** Task input follows **
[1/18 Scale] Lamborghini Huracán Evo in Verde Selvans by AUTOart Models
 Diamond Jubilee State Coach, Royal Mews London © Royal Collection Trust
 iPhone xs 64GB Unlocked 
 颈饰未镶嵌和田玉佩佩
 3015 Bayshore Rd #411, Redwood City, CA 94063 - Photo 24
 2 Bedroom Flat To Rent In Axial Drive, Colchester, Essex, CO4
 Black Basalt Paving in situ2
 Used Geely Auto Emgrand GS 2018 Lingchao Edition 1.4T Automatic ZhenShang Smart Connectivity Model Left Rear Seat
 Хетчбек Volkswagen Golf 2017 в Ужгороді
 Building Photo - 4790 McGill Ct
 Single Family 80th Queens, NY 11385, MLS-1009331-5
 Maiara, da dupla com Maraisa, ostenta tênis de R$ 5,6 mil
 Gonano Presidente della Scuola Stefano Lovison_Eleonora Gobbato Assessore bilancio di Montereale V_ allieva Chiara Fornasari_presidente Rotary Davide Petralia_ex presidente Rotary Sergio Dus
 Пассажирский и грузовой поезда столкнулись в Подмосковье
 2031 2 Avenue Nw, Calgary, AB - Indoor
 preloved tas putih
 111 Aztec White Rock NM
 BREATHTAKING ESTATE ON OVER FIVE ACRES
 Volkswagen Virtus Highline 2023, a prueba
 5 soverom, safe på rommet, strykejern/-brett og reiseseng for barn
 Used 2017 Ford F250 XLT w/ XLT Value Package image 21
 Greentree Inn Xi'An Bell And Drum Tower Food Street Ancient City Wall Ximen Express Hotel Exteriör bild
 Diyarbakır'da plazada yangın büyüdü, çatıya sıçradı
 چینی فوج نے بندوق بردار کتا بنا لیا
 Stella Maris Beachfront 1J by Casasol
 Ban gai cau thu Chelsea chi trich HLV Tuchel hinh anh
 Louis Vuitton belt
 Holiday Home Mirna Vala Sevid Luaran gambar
** End of Task input **
Pick out each line above that includes "City" and show it.

 3015 Bayshore Rd #411, Redwood City, CA 94063 - Photo 24
 Greentree Inn Xi'An Bell And Drum Tower Food Street Ancient City Wall Ximen Express Hotel Exteriör bild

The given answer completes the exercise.